● **About this exercise**:
Beginning with the line below that contains "Motosikletlinin tek tekerlek" and ending with the line that contains "Beliani Left-Hand Chaise", copy every line exactly. Copy nothing else.

Stored entries:
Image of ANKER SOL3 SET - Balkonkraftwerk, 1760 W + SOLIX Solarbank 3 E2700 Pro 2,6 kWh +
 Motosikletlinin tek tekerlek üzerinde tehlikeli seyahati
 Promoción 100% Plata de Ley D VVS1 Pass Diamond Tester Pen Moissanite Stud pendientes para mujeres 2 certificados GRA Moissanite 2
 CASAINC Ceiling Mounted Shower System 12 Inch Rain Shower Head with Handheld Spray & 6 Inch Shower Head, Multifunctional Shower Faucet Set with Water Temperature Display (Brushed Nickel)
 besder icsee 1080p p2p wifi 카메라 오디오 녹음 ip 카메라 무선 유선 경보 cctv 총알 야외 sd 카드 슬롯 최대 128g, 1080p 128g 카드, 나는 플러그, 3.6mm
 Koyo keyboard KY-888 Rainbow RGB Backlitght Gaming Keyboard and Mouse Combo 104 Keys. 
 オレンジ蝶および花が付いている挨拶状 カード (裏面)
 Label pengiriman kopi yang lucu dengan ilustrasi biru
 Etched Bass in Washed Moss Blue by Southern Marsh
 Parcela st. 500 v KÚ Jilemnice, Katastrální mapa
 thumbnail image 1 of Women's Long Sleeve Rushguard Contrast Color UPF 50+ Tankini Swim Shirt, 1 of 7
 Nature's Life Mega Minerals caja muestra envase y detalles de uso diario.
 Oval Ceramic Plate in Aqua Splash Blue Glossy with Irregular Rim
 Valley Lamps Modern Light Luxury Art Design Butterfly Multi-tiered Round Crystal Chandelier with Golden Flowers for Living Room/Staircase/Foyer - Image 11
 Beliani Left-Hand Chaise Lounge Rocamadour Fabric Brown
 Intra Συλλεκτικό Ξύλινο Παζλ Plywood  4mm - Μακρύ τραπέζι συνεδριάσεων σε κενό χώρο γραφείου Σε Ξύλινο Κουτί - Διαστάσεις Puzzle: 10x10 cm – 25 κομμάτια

● **Response**:
 Motosikletlinin tek tekerlek üzerinde tehlikeli seyahati
 Promoción 100% Plata de Ley D VVS1 Pass Diamond Tester Pen Moissanite Stud pendientes para mujeres 2 certificados GRA Moissanite 2
 CASAINC Ceiling Mounted Shower System 12 Inch Rain Shower Head with Handheld Spray & 6 Inch Shower Head, Multifunctional Shower Faucet Set with Water Temperature Display (Brushed Nickel)
 besder icsee 1080p p2p wifi 카메라 오디오 녹음 ip 카메라 무선 유선 경보 cctv 총알 야외 sd 카드 슬롯 최대 128g, 1080p 128g 카드, 나는 플러그, 3.6mm
 Koyo keyboard KY-888 Rainbow RGB Backlitght Gaming Keyboard and Mouse Combo 104 Keys. 
 オレンジ蝶および花が付いている挨拶状 カード (裏面)
 Label pengiriman kopi yang lucu dengan ilustrasi biru
 Etched Bass in Washed Moss Blue by Southern Marsh
 Parcela st. 500 v KÚ Jilemnice, Katastrální mapa
 thumbnail image 1 of Women's Long Sleeve Rushguard Contrast Color UPF 50+ Tankini Swim Shirt, 1 of 7
 Nature's Life Mega Minerals caja muestra envase y detalles de uso diario.
 Oval Ceramic Plate in Aqua Splash Blue Glossy with Irregular Rim
 Valley Lamps Modern Light Luxury Art Design Butterfly Multi-tiered Round Crystal Chandelier with Golden Flowers for Living Room/Staircase/Foyer - Image 11
 Beliani Left-Hand Chaise Lounge Rocamadour Fabric Brown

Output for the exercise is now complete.